One of the worrying stories in our recent editions was about a constable celebrating on Facebook the brutal treatment meted out to the voter register demonstrators in Accra last week Wednesday.
It is a story to be beaten in terms of weirdness and outright unprofessionalism. Coming on the heels of a recent warning by the Inspector General of Police, Mohammed Alhassan, to cops to steer away from inappropriate conduct and remarks incommensurate with law enforcement code of conduct, the chief law enforcement officer got it right when he issued the warning.
His warning was informed by recent misconducts by some cops, one of which had to do with a female policewoman said to be drinking an alcoholic beverage in uniform. Another had a police motor rider leading an excited motorist who was boasting of having as it were, a cop in his pocket.
While we acknowledge the efforts of the Police Administration to restore the now fading regiment-type discipline to the law enforcement agency, we find it disturbing that characters like Constable George Akwei would throw discipline and etiquette to the winds the way he did on Facebook.
Virtually insulting those who embarked on the ill-fated demonstration last week and saying all manner of inappropriate remarks in full uniform, such young men do not have a future in such state institutions.
Allowing such characters in the police would be sowing a seed of its destruction, prognosis we find scary.

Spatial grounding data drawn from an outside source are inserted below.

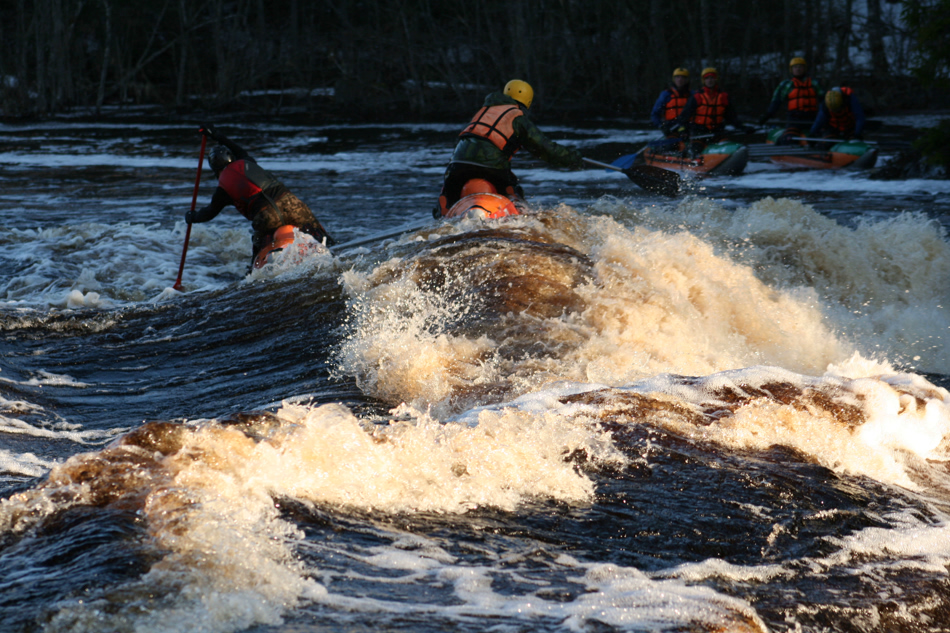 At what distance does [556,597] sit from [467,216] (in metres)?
5.72

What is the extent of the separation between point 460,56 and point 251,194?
825 inches

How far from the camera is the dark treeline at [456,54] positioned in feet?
83.1

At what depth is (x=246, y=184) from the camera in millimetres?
8227

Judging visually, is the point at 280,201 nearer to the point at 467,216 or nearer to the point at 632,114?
the point at 467,216

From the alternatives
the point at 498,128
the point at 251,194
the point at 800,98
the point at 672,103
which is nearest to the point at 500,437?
the point at 251,194

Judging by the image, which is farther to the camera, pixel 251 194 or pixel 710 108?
pixel 710 108

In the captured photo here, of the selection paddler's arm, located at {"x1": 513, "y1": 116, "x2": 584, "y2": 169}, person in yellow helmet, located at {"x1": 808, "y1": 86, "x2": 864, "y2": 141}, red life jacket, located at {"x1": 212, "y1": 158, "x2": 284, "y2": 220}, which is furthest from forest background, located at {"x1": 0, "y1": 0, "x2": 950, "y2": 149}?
red life jacket, located at {"x1": 212, "y1": 158, "x2": 284, "y2": 220}

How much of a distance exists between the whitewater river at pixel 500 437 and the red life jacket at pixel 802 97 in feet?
28.0

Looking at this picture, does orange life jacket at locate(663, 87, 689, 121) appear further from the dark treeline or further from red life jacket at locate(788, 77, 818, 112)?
the dark treeline

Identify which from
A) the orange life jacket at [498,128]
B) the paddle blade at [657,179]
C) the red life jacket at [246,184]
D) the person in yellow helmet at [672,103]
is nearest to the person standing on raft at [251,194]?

It is not too late to get rid of such bad nuts in an institution which should not have room for undisciplined young men who think they can always be protected by their political godfathers.
We are aware about how politicians have pushed their wards and party supporters into the ranks of the law enforcement agency and how such persons have created untold challenges for the Police Administration.
Regardless of how recruits are enlisted, discipline must be allowed to prevail in the conduct of constables otherwise the Ghana Police Service would fail to live up to the spirit of ‘Service With Integrity’ – a motto which inspires confidence and hope.
As an important segment of the justice administration chain, we cannot afford to have law enforcement agents breaching the ethics of the profession they have sworn to uphold by all means.
If the IGP is looking for those who are breaching his orders, Constable George Akwei stands prominent. Setting an example with this young man would not be a bad idea – no matter which politician pushed him into the throat of the administration.
It is not for us to make such recommendations, we know, but suffice to point out that all of us critical stakeholders can see when the image of the police is being dragged in the mud.
Imagine what adverse image Constable George Akwei would attract for a police service still struggling to parry the bad press it has suffered recently.
Celebrating the lost eye of a compatriot through a rubber bullet or a yet-to-be-identified object by a cop is most reprehensible.